* **Data for the task**
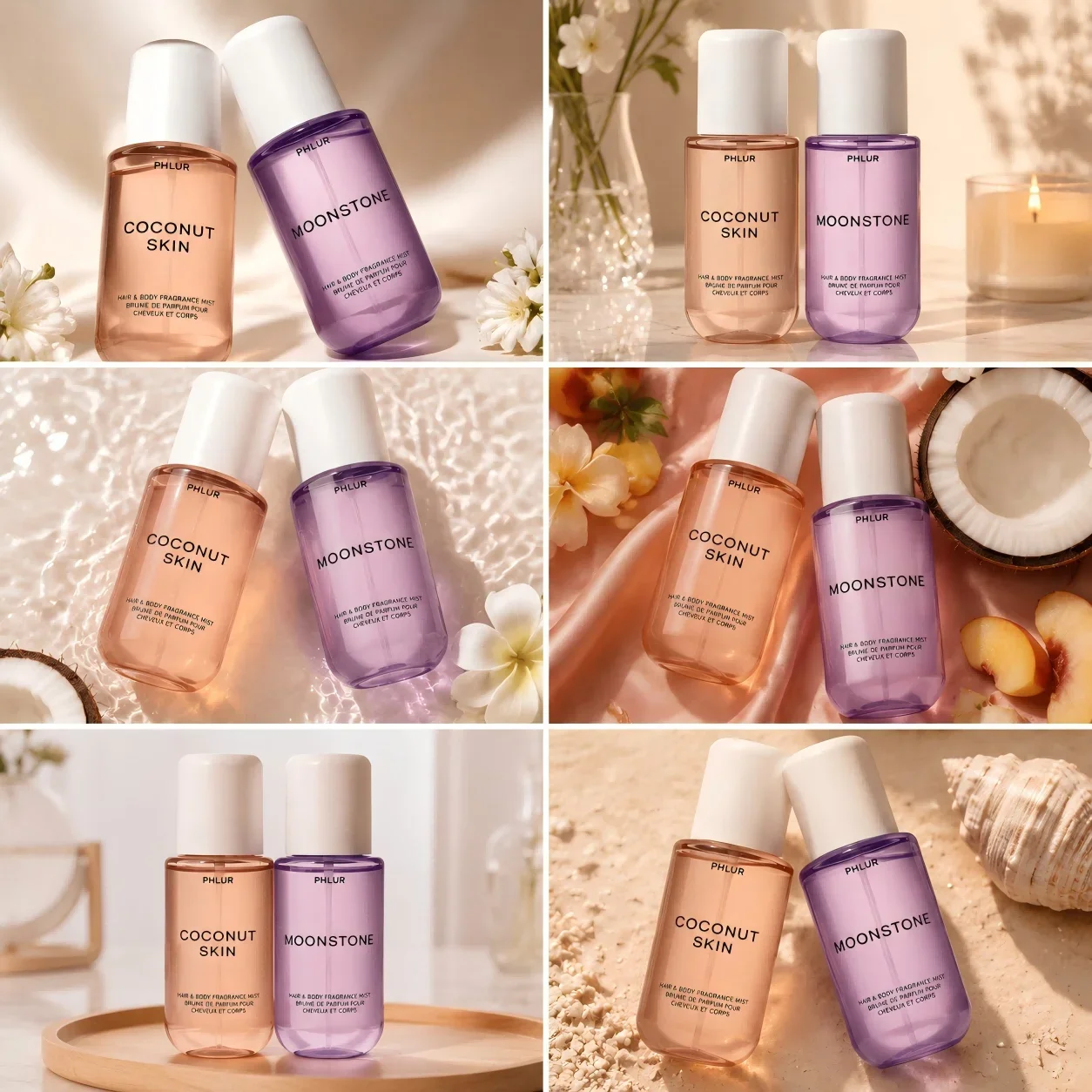 ชุดสเปรย์น้ำหอมสำหรับผมและผิวก - Perfume In Fragrance บทวิจารณ์และราคา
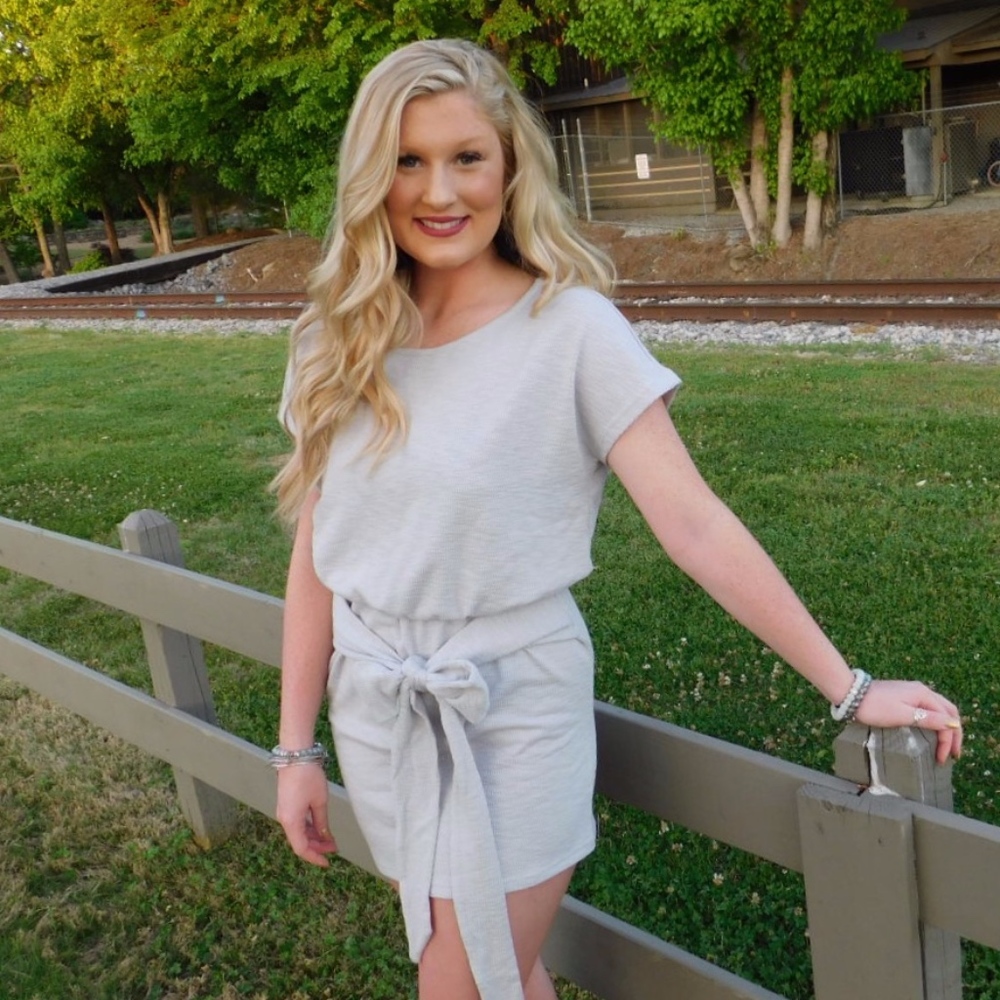 Make it Simple Dress, Grey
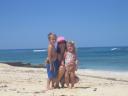 Mommy, Harry, and Addie at Our Beach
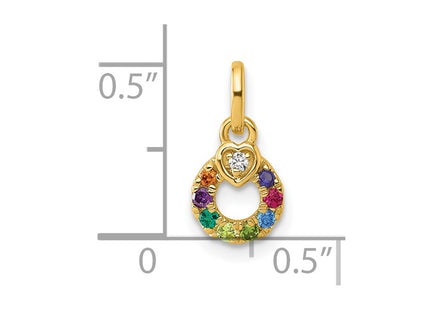 14k Yellow Gold Pendants Style PM10729 - Classique Jewelry Inc.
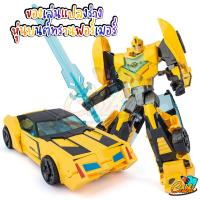 ราคา โมเดล ของเล่น หุ่นยนต์แปลงร่างเป็นรถได้ หุ่นยนต์ รถแปลงร่าง ตัวใหญ่ ขนาดสูง 33 ซม (11047206409)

* **Problem description**
A faithful copy is needed: reproduce all of the data above, leaving the pictures out.

* **Written reply**
 ชุดสเปรย์น้ำหอมสำหรับผมและผิวก - Perfume In Fragrance บทวิจารณ์และราคา
 Make it Simple Dress, Grey
 Mommy, Harry, and Addie at Our Beach
 14k Yellow Gold Pendants Style PM10729 - Classique Jewelry Inc.
 ราคา โมเดล ของเล่น หุ่นยนต์แปลงร่างเป็นรถได้ หุ่นยนต์ รถแปลงร่าง ตัวใหญ่ ขนาดสูง 33 ซม (11047206409)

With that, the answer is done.